%%

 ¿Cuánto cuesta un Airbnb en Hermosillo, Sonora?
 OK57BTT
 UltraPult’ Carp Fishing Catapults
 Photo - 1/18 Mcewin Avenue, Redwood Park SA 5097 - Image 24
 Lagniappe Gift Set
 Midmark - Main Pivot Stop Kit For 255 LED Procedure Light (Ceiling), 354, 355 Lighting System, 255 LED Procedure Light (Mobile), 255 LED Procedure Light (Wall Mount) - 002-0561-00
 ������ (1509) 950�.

%%
%%

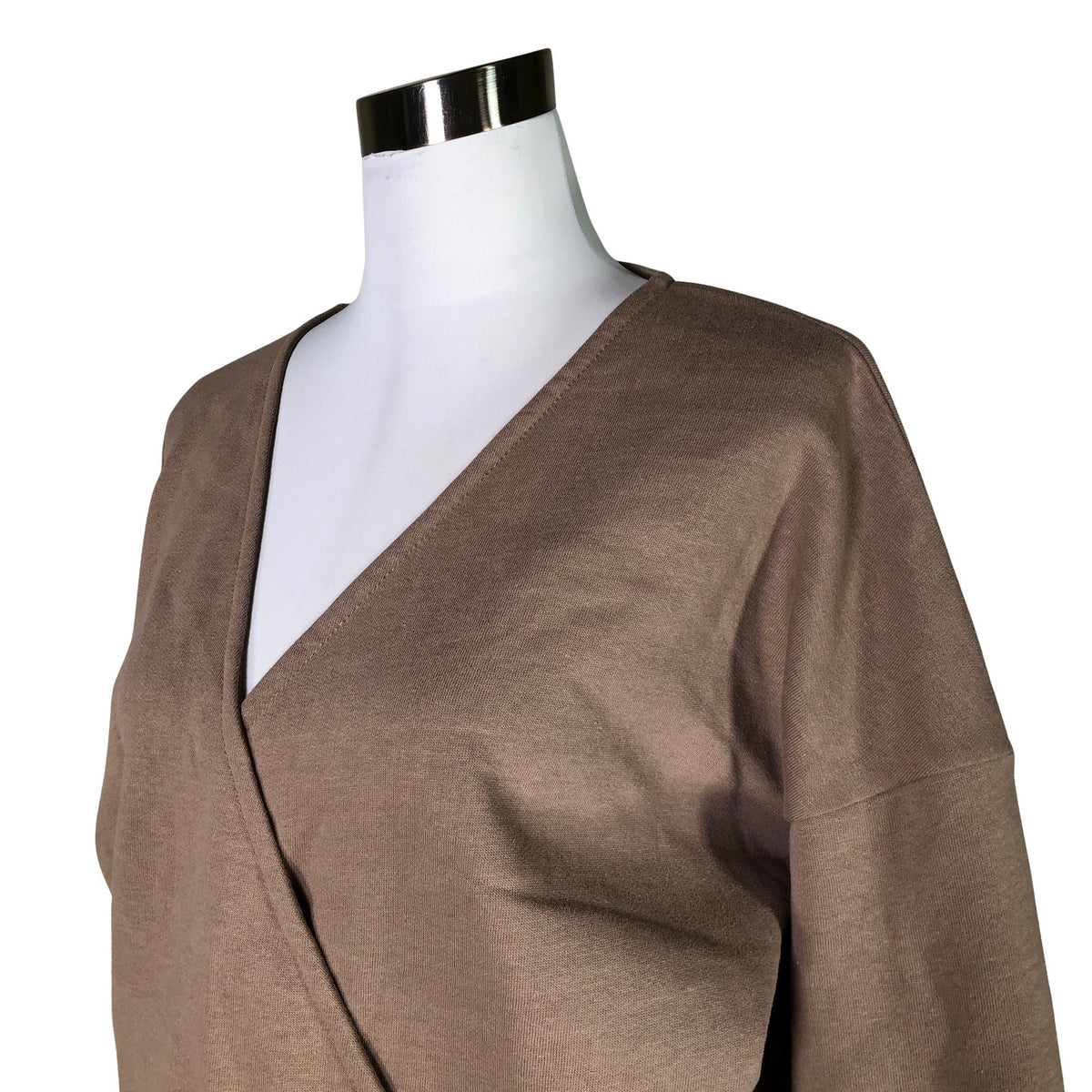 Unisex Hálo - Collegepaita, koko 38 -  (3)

%%

Please write out, exactly as they appear above, only the lines in the stretch from the line with "en Hermosillo, Sonora?" through the line with "Lagniappe Gift Set".

* [SOLUTION TO THIS TASK]
 ¿Cuánto cuesta un Airbnb en Hermosillo, Sonora?
 OK57BTT
 UltraPult’ Carp Fishing Catapults
 Photo - 1/18 Mcewin Avenue, Redwood Park SA 5097 - Image 24
 Lagniappe Gift Set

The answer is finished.